§ **RECORDS FOR THIS EXERCISE**:

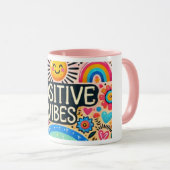 Positive Vibes, farbenfrohe Tasse (VorderseiteRechts)
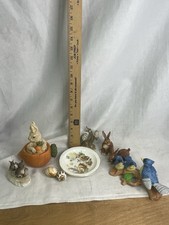 Vintage Enesco 1983 Bunny Plate Porcelain Bluebird Owl Rabbit Figurine Lot picture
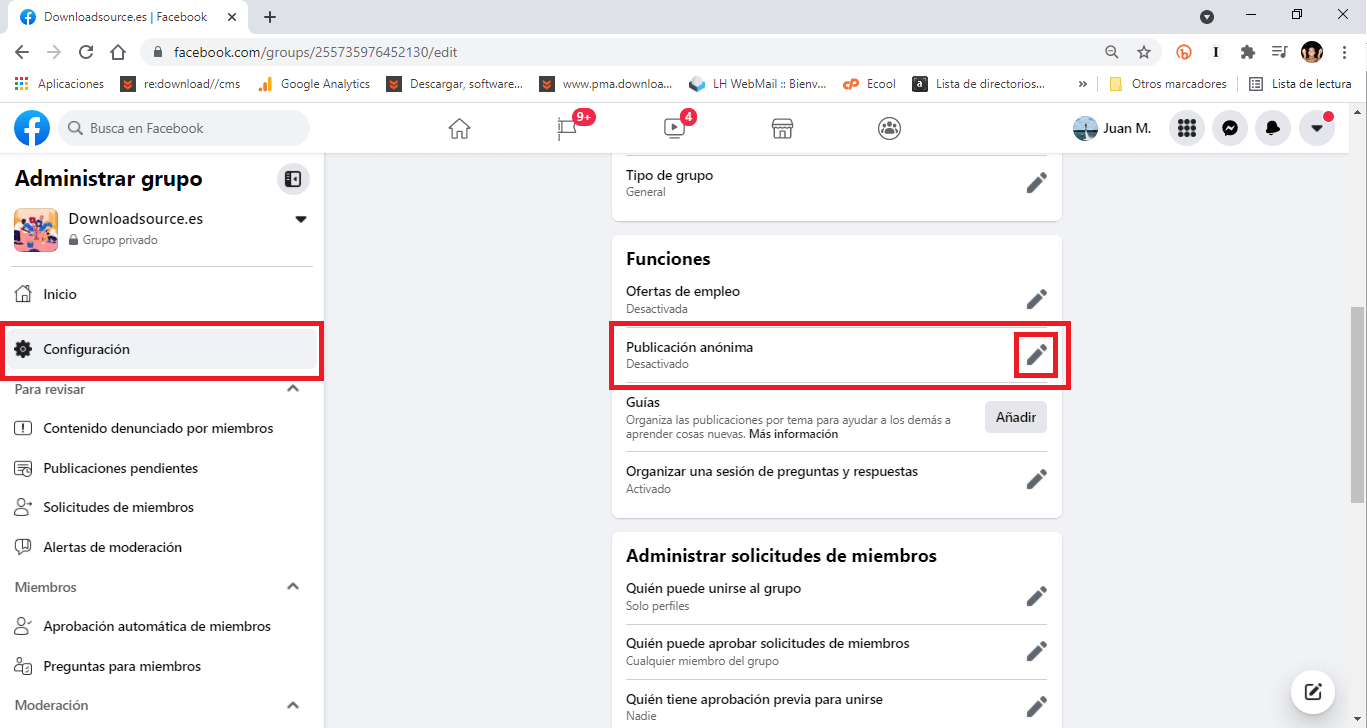 grupos de facebook y publicaciones privadas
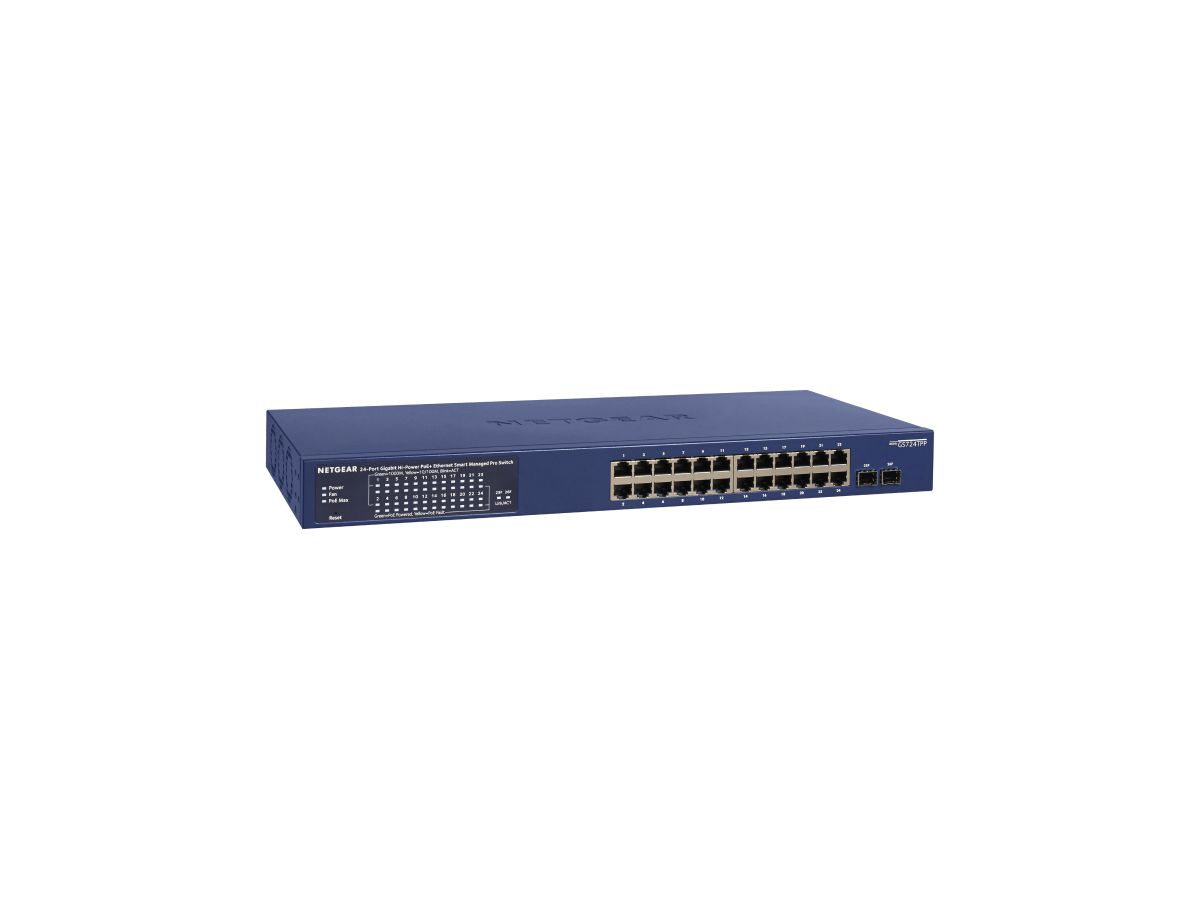 NETGEAR GS724TP-300EUS commutateur réseau Géré L2/L3/L4 Gigabit Ethernet (10/100/1000) Connexion Ethernet, supportant l'alimentation via ce port (PoE) Bleu
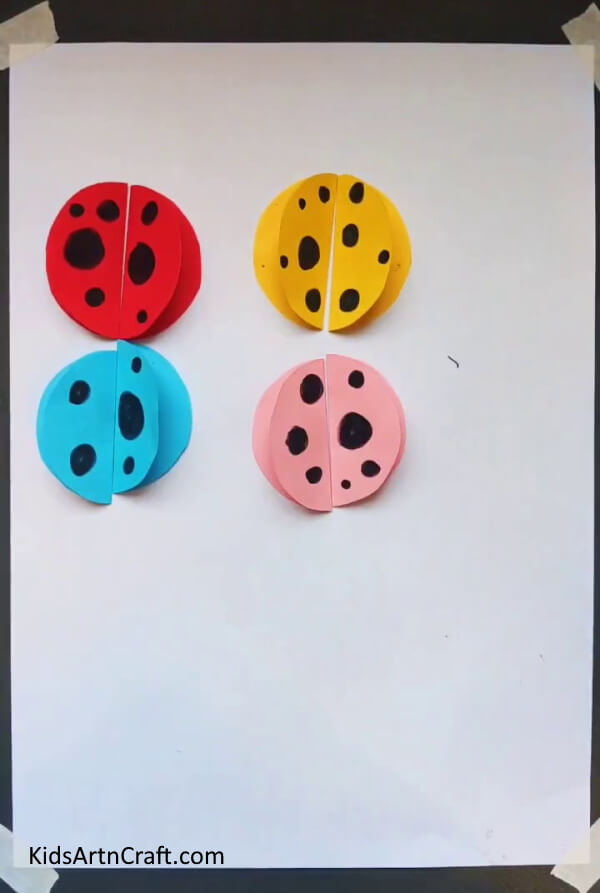 Making Wings with Remaining Color Papers a cute Ladybug out of paper-
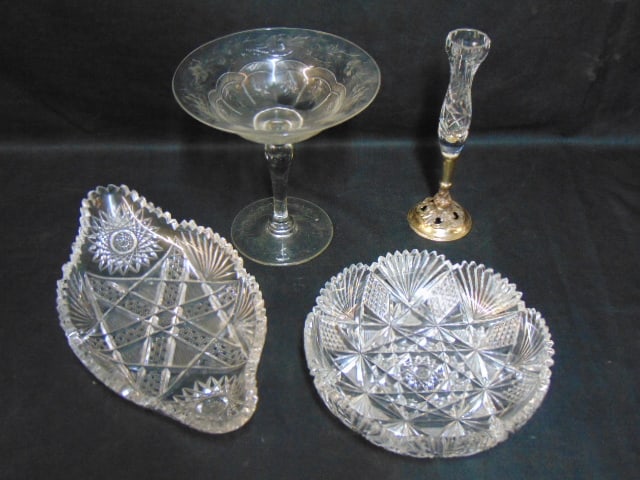 Glass lot, crystal compote, manner of Hawkes, bud vase with silverplate base & 2 cut crystal dishes,: Glass lot, crystal compote, manner of Hawkes, bud vase with silverplate base & 2 cut crystal dishes, both with several chipped teeth.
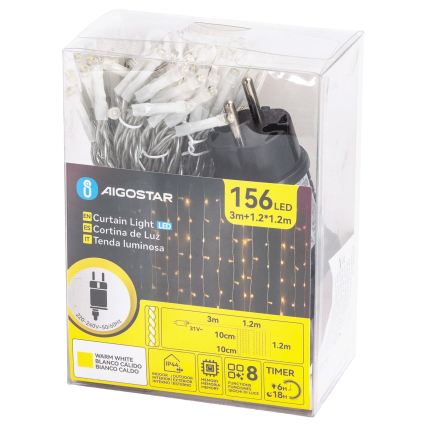 Aigostar - LED Venkovní vánoční řetěz 156xLED/8 funkcí 4,2x1,2m IP44 teplá bílá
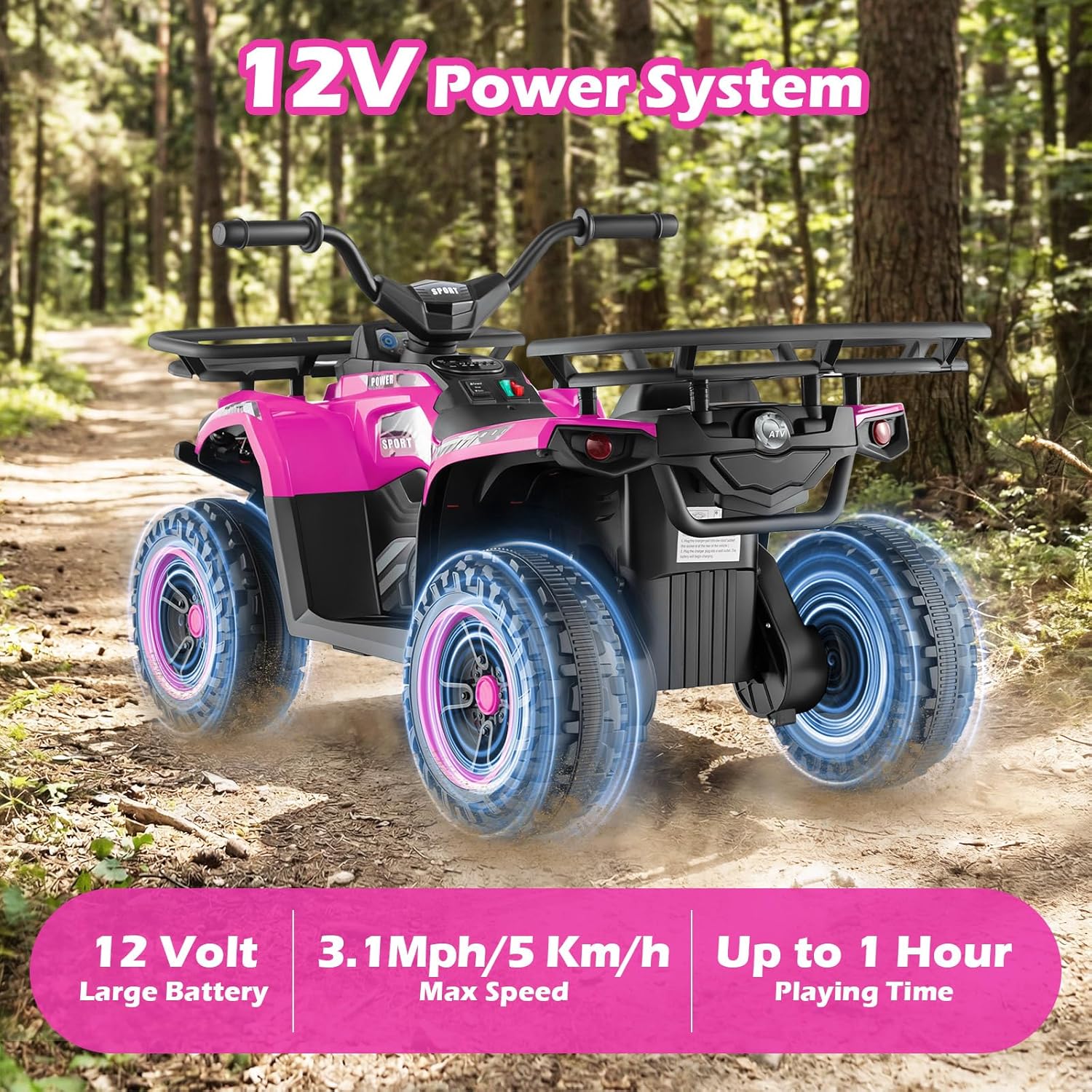 OLAKIDS 12V Kids ATV Quad with 2 Speeds, Spring Suspension, LED Lights, Music & Story Player, Big Tires, 2 Storage Spaces, Ride On Car for Boys Girls Ages 3+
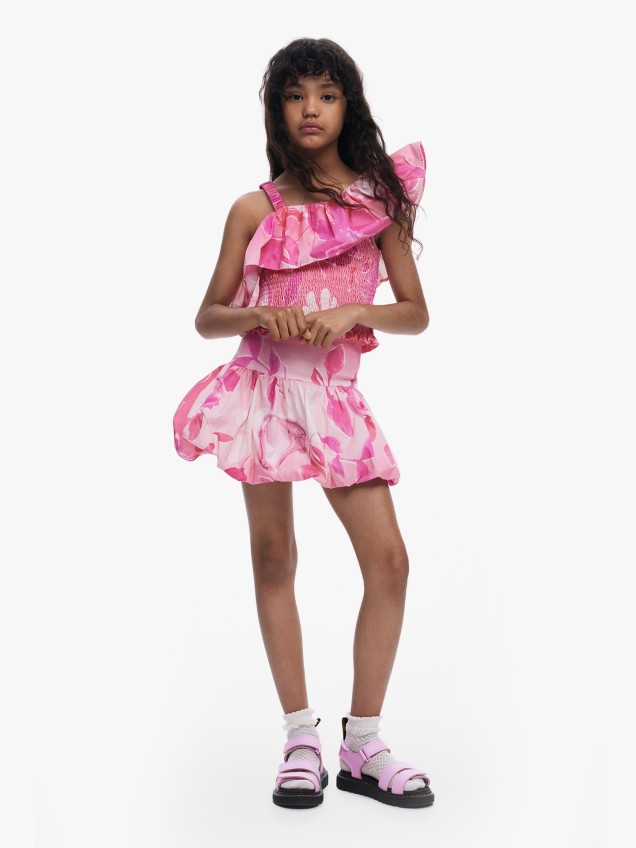 Blusa Crop Assimétrica com Folho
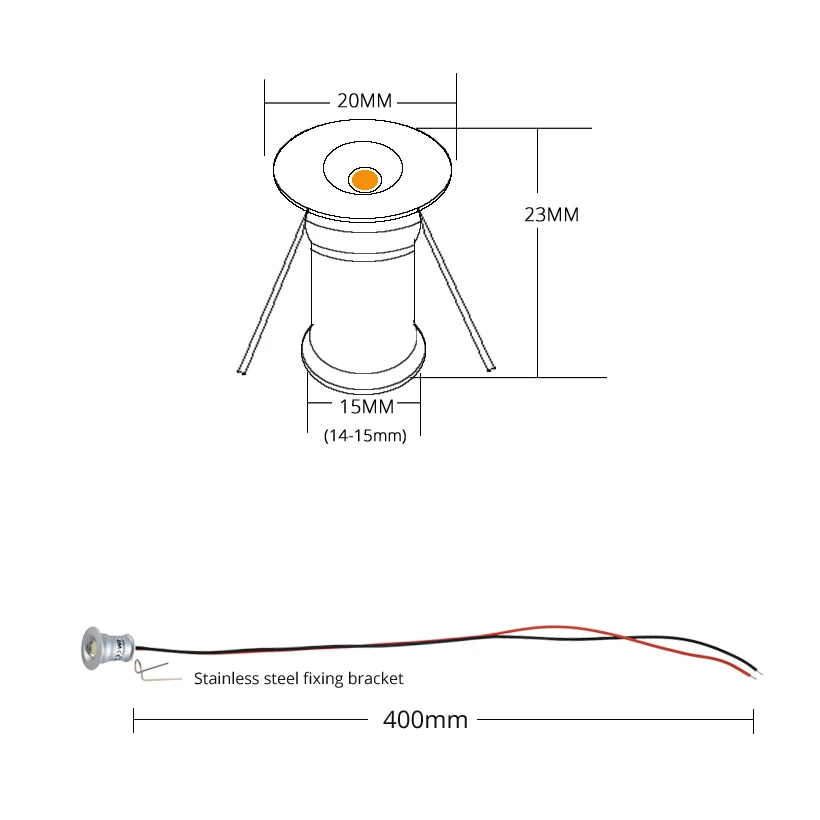 

10pcs 1W 12V Opening 15mm Mini LED Spot light Thumb Spotlight Lamp Cabinet Ambient Lighting Recessed Install Waterproof IP65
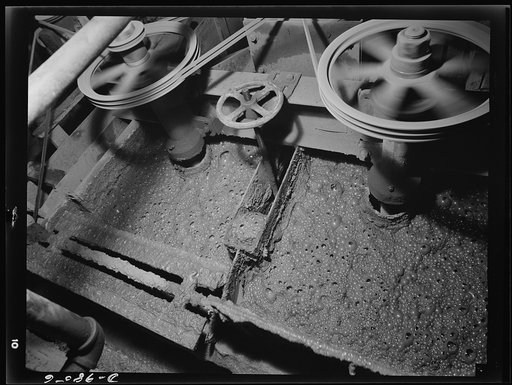 Production. Lead. Flotation machines in a lead concentrator near Creede, Colorade where old lead mines have been reopened. Creede, for many years a "ghost town," has resumed the activities that made it an important lead-producing center years ago, and is now producing much metal vitally needed for t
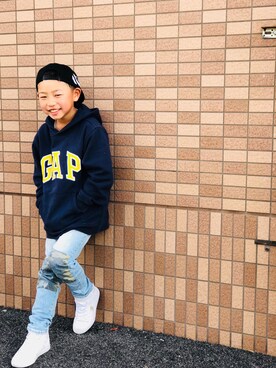 「DC SHOES（ディーシーシューズ）のアイテム（シューズ）」を使った、ranさん（キッズ・128cm）の冬コーディネート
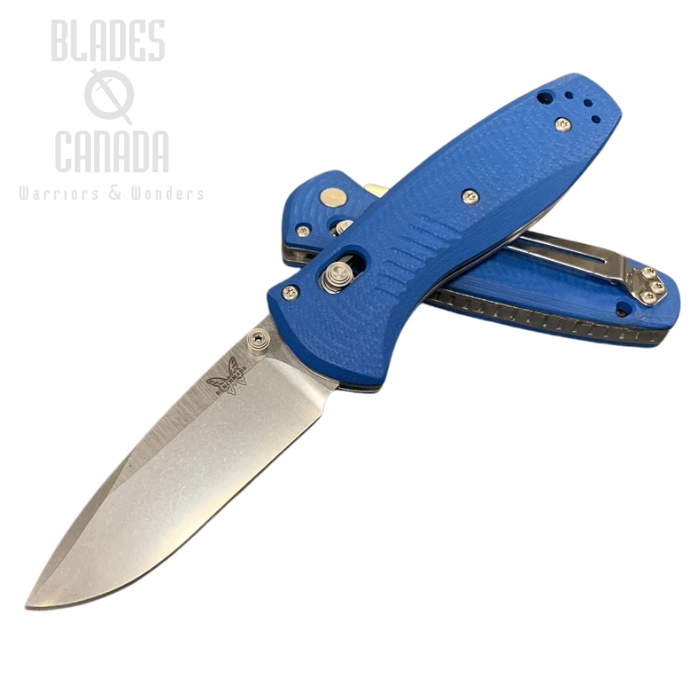 (image for) Benchmade Mini Barrage Osborne Folding Knife, Assisted Opening, 20CV, G10 Blue, 585CU21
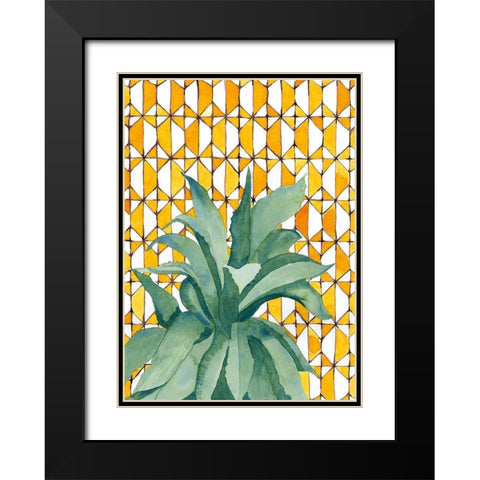 Yellow Tile Agave Black Modern Wood Framed Art Print with Double Matting by Bucheli, Jen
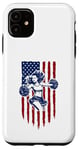 Coque pour iPhone 11 Drapeau américain de pom-pom girl pour pom-pom girl drapeau américain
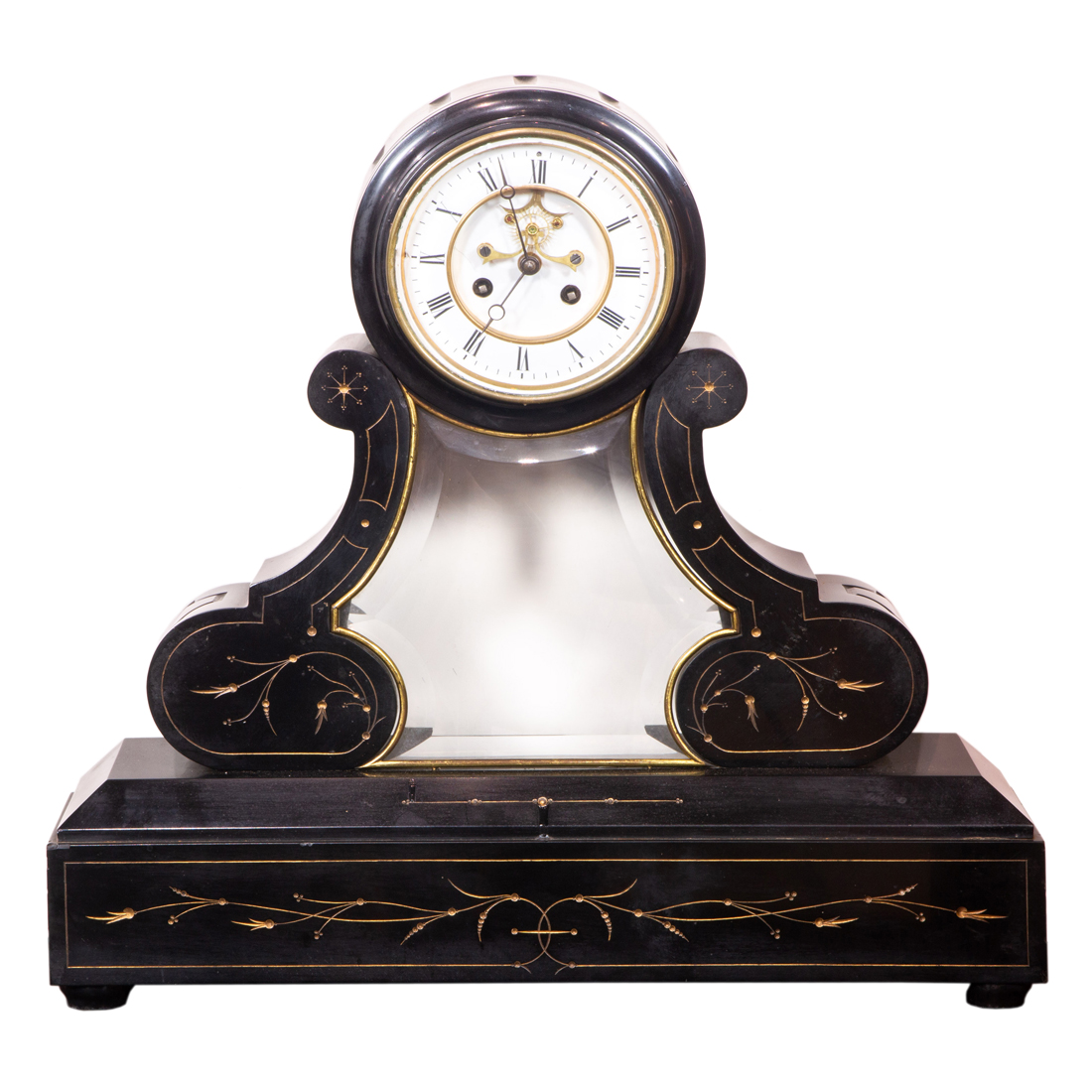 A FRENCH BLACK MARBLE MANTEL CLOCK 3a2bb2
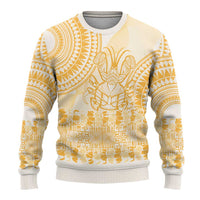 Niue Language Week Ugly Christmas Sweater The Rock Coconut Crab - Siapo Gold Pastel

§ **REQUIRED WORK**: Every line from the one with "Making Wings with" through the last line of the material gets printed exactly, and nothing more. Omit the pictures.

§ **ANSWER SECTION**:
 Making Wings with Remaining Color Papers a cute Ladybug out of paper-
 Glass lot, crystal compote, manner of Hawkes, bud vase with silverplate base & 2 cut crystal dishes,: Glass lot, crystal compote, manner of Hawkes, bud vase with silverplate base & 2 cut crystal dishes, both with several chipped teeth.
 Aigostar - LED Venkovní vánoční řetěz 156xLED/8 funkcí 4,2x1,2m IP44 teplá bílá
 OLAKIDS 12V Kids ATV Quad with 2 Speeds, Spring Suspension, LED Lights, Music & Story Player, Big Tires, 2 Storage Spaces, Ride On Car for Boys Girls Ages 3+
 Blusa Crop Assimétrica com Folho

10pcs 1W 12V Opening 15mm Mini LED Spot light Thumb Spotlight Lamp Cabinet Ambient Lighting Recessed Install Waterproof IP65
 Production. Lead. Flotation machines in a lead concentrator near Creede, Colorade where old lead mines have been reopened. Creede, for many years a "ghost town," has resumed the activities that made it an important lead-producing center years ago, and is now producing much metal vitally needed for t
 「DC SHOES（ディーシーシューズ）のアイテム（シューズ）」を使った、ranさん（キッズ・128cm）の冬コーディネート
 (image for) Benchmade Mini Barrage Osborne Folding Knife, Assisted Opening, 20CV, G10 Blue, 585CU21
 Yellow Tile Agave Black Modern Wood Framed Art Print with Double Matting by Bucheli, Jen
 Coque pour iPhone 11 Drapeau américain de pom-pom girl pour pom-pom girl drapeau américain
 A FRENCH BLACK MARBLE MANTEL CLOCK 3a2bb2
 Niue Language Week Ugly Christmas Sweater The Rock Coconut Crab - Siapo Gold Pastel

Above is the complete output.